When we compare the kids in our tutoring program to kids at large, we might be comparing a highly motivated student to a particularly unmotivated student. This is not a fair comparison to make.

Yet we make these comparisons all the time when we blindly compare our outcomes to community averages.

Comparing our outcomes to community averages might be effective from a fundraising standpoint, which was the premise of the Chronicle of Philanthropy talk. But I would argue this particular approach has less to do with “showing your donors your programs are working” and more to do with identifying favorable comparisons that make your outcomes look good.

In so far as evaluation is more about truth than treasure, simple comparisons of outcomes to the community average can be highly misleading.

Data does not make decisions

I participated in my first Google Hangout last Friday on the topic of using data in homeless services. The discussion was organized by Mark Horvath, a homeless advocate and founder of Invisible People. The call included Mark, myself, and three other practitioners with experience applying metrics in homeless services. You can check out the recording of the conversation here.

I was clearly the outlier on the panel as I work with a range of organizations on a variety of issues, so while homeless services is a part of my work, the other folks on the hangout are fully focused on working with those experiencing homelessness, and it shows in their depth of knowledge.

There were a lot of interesting take aways from the conversation, so I’ll likely be referring back to this discussion in future blog posts. But one thing that stood out to me was that the conversation reflected on both the opportunities and the risks of using data in homeless services, a point that applies to all possible uses of outcomes data in the social sector.

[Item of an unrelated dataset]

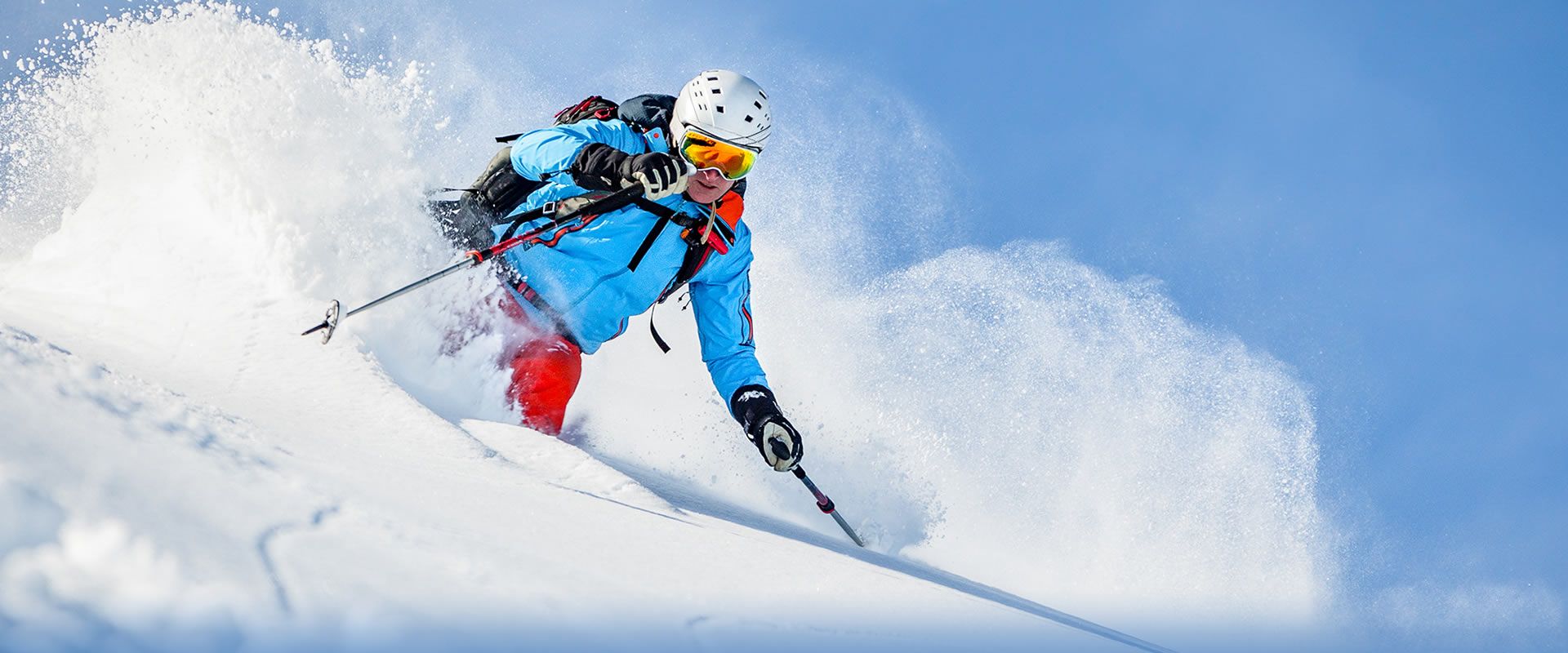 Hörnerbahn GmbH & Co. KG in Germany - a man in a blue jacket skiing down a hill.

At one point in the discussion, our attention turned to the possibility that homeless service providers could use predictive analytics to exclude people from receiving services. Before I go any further, let me describe what I mean by predictive analytics.

Predicative analytics

Predictive analysis is the process of using historical data to try to predict what will happen in the future. There are various types of statistical techniques for doing this, but the basic idea is you try to fit a model that explains what happened to a set of observations in an existing data set. You then use that model to try to predict what will happen to a new set of people you don’t have any data on.

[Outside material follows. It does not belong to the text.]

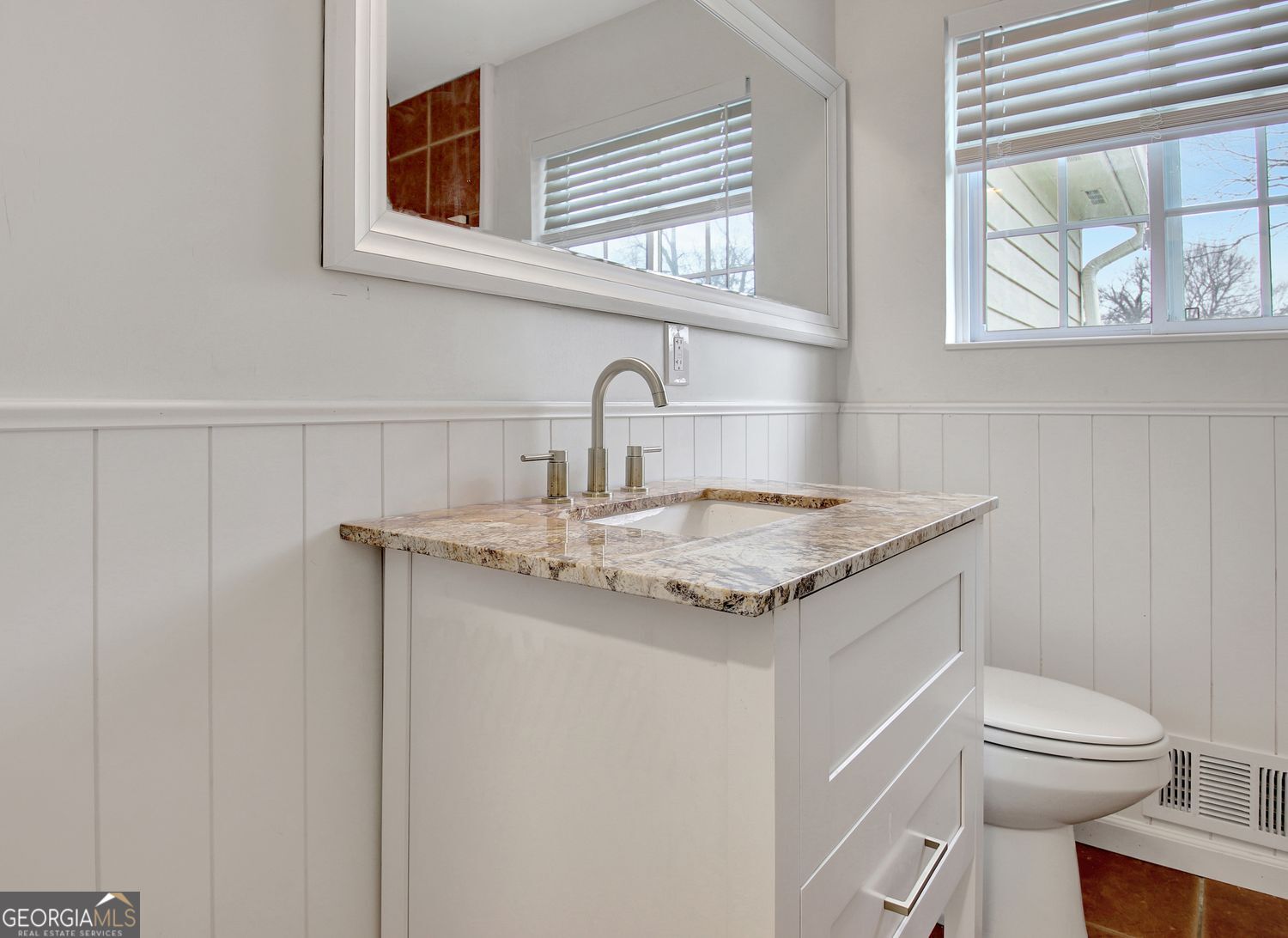 183 Pine Street Northeast Fairburn, GA 30213 - Photo 49 of 68 a bathroom with a granite countertop sink a toilet and a window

For example, your model might suggest that people who have a criminal background are more likely to get evicted from housing.

On the one hand you might use this finding to provide additional supportive services to keep people with criminal background in housing, on the other hand you might choose to exclude people from your housing program who have criminal backgrounds, which brings us back to a worry my co-panelists raised on the Google Hangout.

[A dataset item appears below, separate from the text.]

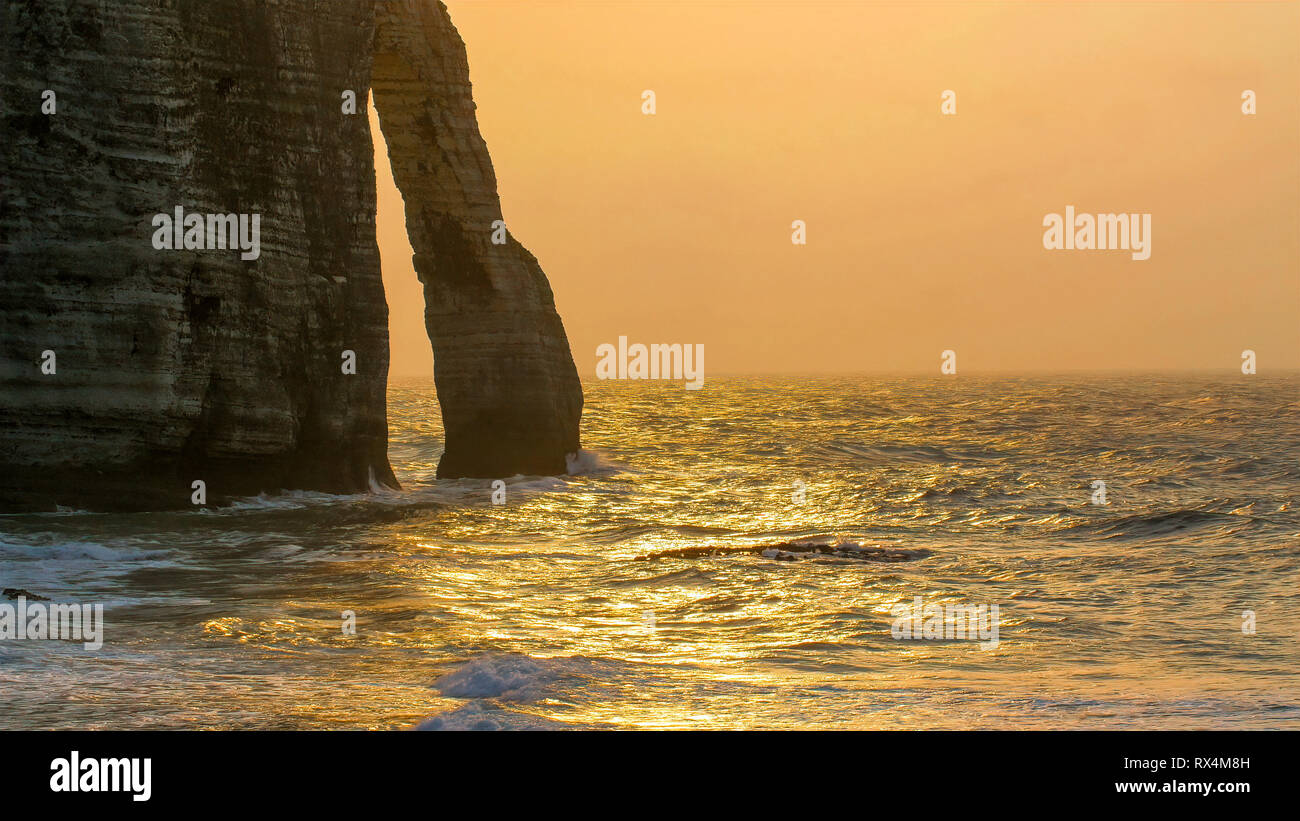 Late afternoon view of the beach and cliff in Etretat. Splashing of ...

Same data, different decisions

Limited resources is a fact of life, which makes it particularly important that organizations develop intelligent ways of rationing their services that maximize the social value they aim to create. So does that necessarily mean we should use data to weed out those that are hardest to serve?

Not necessarily.

People make decisions, not data. Two people can look at the same data, the same sound analysis, and make two different decisions. One organization might decide to not serve a certain target demographic because they believe those individuals would not fare well in their program, but another organization might decide the exact opposite, reasoning that because those individuals have poorer prospects and risk worse outcomes, that they should be a higher priority.

Indeed, that is exactly what the vulnerability index does. The vulnerability index is essentially a triage tool for prioritizing chronically homeless people into housing. The more vulnerable someone is, the higher priority they are to house.

My point is not to argue that it is better to serve those who are more or least vulnerable, but rather to illustrate that data is a tool that helps us make decisions that are consistent with our own values.

While data can help us better assess what has happened and what might happen in the future, it does not tell us what to do. The decisions we make should be informed by data, but data does not make decisions for us.